Comment on Zero Hedge:
Did you think it was possible to reorient the entire international trade environment without making any waves?
The last time anyone reoriented the world trade and monetary system was 1971. Do you know of the 1970s "Malaise"? It lasted for nearly a decade!
The time before that was 1933. The world, except the US, ended their attempts to return to the Gold Standard. There was a bit of a market dust-up from then until 1941. It was the Great Depression. Maybe you've heard of it?
The point of these to remember is that any time the monetary system enters a transition, the economy suffers until the transition is complete.
In 1933, there was a long, slow abandonment of Gold, the main reserve asset. That was not alleviated until Bretton Woods Dollar-Standard was agreed upon, and until the Dollars were overseas to support it (which they were due to Lend-Lease). That was the limit of WW2s role - to be a reason for the lend-lease distribution of dollars.
Thereafter the world economy depended on the US paying for defense, and funding reconstruction through asymmetrical trade deals.

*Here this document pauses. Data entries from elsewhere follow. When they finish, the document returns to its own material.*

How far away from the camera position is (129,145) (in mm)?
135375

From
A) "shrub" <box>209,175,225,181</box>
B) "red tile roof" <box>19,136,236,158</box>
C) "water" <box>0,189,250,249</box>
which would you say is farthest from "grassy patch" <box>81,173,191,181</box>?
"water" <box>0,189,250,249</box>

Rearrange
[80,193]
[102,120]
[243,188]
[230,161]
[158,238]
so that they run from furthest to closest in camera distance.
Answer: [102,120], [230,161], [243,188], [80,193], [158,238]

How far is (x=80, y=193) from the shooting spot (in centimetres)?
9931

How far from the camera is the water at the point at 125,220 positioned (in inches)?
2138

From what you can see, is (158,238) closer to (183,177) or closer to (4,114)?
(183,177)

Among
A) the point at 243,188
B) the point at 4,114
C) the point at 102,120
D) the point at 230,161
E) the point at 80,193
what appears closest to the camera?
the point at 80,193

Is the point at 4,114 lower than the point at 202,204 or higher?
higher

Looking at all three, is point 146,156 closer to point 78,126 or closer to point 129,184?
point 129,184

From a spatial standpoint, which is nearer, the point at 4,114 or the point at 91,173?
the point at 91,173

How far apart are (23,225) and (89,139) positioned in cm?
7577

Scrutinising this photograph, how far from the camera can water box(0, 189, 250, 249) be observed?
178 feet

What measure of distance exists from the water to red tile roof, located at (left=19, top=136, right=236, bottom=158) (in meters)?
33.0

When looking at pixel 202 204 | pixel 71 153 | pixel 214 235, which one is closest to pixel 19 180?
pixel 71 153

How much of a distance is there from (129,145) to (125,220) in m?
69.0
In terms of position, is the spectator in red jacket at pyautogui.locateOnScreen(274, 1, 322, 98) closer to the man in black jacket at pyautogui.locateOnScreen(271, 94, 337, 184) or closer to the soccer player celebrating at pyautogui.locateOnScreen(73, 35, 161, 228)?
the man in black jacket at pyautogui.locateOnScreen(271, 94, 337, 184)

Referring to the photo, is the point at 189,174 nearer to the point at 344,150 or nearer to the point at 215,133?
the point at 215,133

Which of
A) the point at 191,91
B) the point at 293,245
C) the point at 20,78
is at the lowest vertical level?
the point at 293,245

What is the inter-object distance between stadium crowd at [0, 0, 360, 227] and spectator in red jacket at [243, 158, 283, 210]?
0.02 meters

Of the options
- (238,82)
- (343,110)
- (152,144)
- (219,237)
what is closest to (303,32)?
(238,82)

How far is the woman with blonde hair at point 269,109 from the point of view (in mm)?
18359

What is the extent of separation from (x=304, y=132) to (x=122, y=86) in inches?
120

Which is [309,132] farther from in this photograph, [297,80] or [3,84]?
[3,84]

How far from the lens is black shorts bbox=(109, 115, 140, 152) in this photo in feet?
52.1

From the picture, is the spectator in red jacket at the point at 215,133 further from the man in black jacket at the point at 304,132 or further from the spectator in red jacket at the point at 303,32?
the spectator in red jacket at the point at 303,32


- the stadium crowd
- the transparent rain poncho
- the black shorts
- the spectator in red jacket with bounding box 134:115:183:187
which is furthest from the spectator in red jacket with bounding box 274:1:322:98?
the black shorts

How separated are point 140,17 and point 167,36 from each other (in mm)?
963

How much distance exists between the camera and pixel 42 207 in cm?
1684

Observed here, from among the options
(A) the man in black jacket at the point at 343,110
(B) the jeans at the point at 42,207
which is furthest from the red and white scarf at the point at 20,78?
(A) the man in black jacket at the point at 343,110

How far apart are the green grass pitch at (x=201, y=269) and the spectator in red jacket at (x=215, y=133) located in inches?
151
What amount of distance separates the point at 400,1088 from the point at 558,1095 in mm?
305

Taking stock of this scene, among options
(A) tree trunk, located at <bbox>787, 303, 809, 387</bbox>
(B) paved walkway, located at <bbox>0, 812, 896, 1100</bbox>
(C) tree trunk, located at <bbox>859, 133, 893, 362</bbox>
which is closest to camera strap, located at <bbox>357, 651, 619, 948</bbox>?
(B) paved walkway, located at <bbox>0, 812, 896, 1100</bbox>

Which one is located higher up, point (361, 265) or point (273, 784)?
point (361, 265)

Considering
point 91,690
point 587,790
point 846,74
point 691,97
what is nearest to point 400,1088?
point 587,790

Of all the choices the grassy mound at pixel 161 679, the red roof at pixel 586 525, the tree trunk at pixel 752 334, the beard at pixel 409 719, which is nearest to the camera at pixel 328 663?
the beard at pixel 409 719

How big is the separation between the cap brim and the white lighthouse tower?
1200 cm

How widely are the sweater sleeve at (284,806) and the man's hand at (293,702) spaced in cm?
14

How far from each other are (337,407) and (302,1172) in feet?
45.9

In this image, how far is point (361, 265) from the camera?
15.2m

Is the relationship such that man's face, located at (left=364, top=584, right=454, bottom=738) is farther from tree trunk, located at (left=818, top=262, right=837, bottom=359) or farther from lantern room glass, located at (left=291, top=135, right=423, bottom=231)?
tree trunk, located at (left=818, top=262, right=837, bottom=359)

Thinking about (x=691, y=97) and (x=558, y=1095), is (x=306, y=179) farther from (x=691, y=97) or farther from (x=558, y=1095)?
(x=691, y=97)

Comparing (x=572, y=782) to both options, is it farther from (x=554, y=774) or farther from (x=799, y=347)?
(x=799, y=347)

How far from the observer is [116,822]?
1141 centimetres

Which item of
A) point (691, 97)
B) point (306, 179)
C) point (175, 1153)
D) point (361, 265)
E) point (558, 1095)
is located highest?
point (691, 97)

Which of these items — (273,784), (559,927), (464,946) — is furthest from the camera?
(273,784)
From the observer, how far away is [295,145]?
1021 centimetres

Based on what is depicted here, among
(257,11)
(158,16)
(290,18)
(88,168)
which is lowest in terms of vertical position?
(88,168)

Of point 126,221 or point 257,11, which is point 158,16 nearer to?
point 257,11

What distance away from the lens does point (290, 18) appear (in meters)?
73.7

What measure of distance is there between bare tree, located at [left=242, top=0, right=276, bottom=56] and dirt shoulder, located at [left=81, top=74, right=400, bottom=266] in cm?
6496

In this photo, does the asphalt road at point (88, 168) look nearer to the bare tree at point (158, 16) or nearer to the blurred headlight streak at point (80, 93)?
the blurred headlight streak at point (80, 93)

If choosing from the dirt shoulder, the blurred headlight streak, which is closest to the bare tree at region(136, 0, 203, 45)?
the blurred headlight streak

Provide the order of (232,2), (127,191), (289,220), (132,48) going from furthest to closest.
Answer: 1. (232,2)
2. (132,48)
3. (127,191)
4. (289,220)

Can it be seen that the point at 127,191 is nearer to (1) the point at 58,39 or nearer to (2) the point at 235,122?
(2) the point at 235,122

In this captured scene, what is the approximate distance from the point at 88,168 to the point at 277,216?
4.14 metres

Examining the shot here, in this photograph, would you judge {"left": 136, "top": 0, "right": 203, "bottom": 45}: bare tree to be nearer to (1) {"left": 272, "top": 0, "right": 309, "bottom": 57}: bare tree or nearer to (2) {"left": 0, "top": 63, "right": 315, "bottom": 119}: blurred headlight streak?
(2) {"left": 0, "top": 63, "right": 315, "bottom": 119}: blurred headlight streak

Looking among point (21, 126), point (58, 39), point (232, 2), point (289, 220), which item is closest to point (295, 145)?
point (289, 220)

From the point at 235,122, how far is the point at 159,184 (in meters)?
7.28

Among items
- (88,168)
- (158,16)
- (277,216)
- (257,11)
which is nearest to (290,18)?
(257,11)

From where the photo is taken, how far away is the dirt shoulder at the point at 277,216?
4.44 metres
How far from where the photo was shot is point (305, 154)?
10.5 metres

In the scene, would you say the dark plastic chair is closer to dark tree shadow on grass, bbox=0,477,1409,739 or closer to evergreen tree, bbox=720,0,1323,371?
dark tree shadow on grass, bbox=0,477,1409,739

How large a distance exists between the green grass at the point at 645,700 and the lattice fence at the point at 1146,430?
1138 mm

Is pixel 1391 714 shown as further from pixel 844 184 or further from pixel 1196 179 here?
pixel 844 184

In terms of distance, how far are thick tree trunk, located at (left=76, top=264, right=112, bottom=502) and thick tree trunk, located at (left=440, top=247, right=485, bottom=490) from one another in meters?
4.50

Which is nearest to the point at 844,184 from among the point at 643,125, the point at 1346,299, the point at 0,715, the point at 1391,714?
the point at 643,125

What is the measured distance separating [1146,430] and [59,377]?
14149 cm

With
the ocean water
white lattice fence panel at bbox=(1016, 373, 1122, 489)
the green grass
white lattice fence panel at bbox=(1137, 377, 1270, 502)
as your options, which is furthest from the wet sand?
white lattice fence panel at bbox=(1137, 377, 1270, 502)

In 1971 Bretton Woods ended and market disruptions continued until Petrodollar was established. Did you think it was coincidence that Standard Oil of California sold the company that would become Saudi Aramco in 1982 to the Saudi's?
But the basis of the world economy remained the same: US pays for all defense, and gives the world preferential trade deals. Note that in the absence of a physical numeraire this drained US Industry.
By 2025, the US was the main market for sellers. And most industries were gone. All wealth was risky credit and overly financialized. So, Trump ended that deal.
You will have market turmoil as long as it takes for a new numeraire to emerge. Maybe Gold. Maybe Bitcoin. Maybe both.